The same channel has a game show (I think it is) where couples compete by singing.

That would the International Channel and the program would be Antakshari (French Un + taak + sh + ree)

If you want to listen to streaming Hindi movie songs, visit Raaga. (Realplater format)

The Farsi influence is due to the Mughals (properly speaking, the Timurids) in India. They ruled from the mid-16th century till the 18th. They hailed from Central Asia (Uzbekistan and nearby). The language of their courts was Farsi.

Gyan9. no doubt you are aware that the Persian language in India predates the Mughals by several centuries. It had already been the language of the Delhi Sultanate dynasties dating back to the 11th century. One of the great Indian poets was Amir Khusraw of Delhi in the 13th century, who not only wrote in Persian, he invented both Urdu poetry and (legend has it) the sitar. In fact, sitar is a Persian word.

When writing in English, I prefer to call the Persian language “Persian” (a perfectly good word) instead of “Farsi.” Otherwise, we would have to refer to German as “Deutsch,” Hungarian as “Magyar,” and Chinese as “Putonghua.”

Jomo Mojo, I wasn’t particularly aware of that. The history of Mughal rule that I read, gave the impression that they popularised the language in India, even if they didn’t introduce it.

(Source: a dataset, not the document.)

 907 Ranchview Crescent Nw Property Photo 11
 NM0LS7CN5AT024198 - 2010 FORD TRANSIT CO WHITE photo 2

OK, your reading assignment is to read up on the Delhi Sultanate. The dynasties that made Delhi the capital of northern India, contributed to the spread of Islam from the 11th to the 16th centuries, originated the Urdu language and made the Hindustani khaRi boli the standard language for most of northern India (which explains how so many Persian words got into Hindi), originated Hindustani music (including the sitar, sarod, shahnai, tanpura, and tabla), and in general established Hindustani architecture, art, and other culture which the Mughals later took over. For me, one of the most interesting episodes in the Delhi Sultanate period was the reign of Raziyah Sultanah, the world’s first female Muslim monarch.


A GQ just for me and it’s not even about Farsi, really.

Yes, joon is like darling, or dear, and can also be pronounced jahn. Just so you know, it would be very odd to refer to oneself as Name-joon. Don’t do it. It sounds odd.

Any more Farsi questions, I’m your girl.

Now I’m getting confused. :confused:
Would three people, speaking Farsi, Hindi, and Persian, understand each other?

Farsi is Persian. Two names for it: Espanol-Spanish, Deutsch-German etc.

As to your question, no, they wouldn’t.

In fact, even someone from India or Pakistan who knows Persian would have a very hard time understanding someone from Iran, because the accent is so different. The type of Persian spoken in India and Pakistan is (was) a variety called Indo-Persian. It has mostly died out now, but it was the administrative language of both the Mughal Empire and the British Empire in India. (I once saw a rare history of the world written in Persian by a British officer stationed in India in the 19th-century.) The first Persian grammar written in English was by Sir William Jones, a British judge in 18th-century Calcutta. The same fellow who discovered the Indo-European language family.

Indo-Persian was pronounced according to the way Persian was spoken 800 years ago. In Iran, the pronunciation changed significantly over the years, but in India it stayed the same. Iran went through a Great Vowel Shift of its own, parallel to the Great Vowel Shift in English, and at about the same time. Modern Iranian Persian lost two of its vowels, and the rest of the vowels all shifted position. This, plus the fact that in Iran the stress is oxytonic (always on the last syllable, as in French) while in Indo-Persian the stress is variable (as in Urdu), makes spoken Iranian Persian very hard to understand for someone from India or Pakistan. Indo-Persian was pronounced pretty much the same as Urdu. This was because the vowel system in both older Persian and Hindi/Urdu had remained essentially unchanged from Sanskrit, from Proto-Indo-Iranian.

Hardly anyone nowadays still learns Indo-Persian (its last great poet was Muhammad Iqbal, who died in 1938), but its influence lives on in the many thousands of words and phrases, and poetic forms, it contributed to Urdu.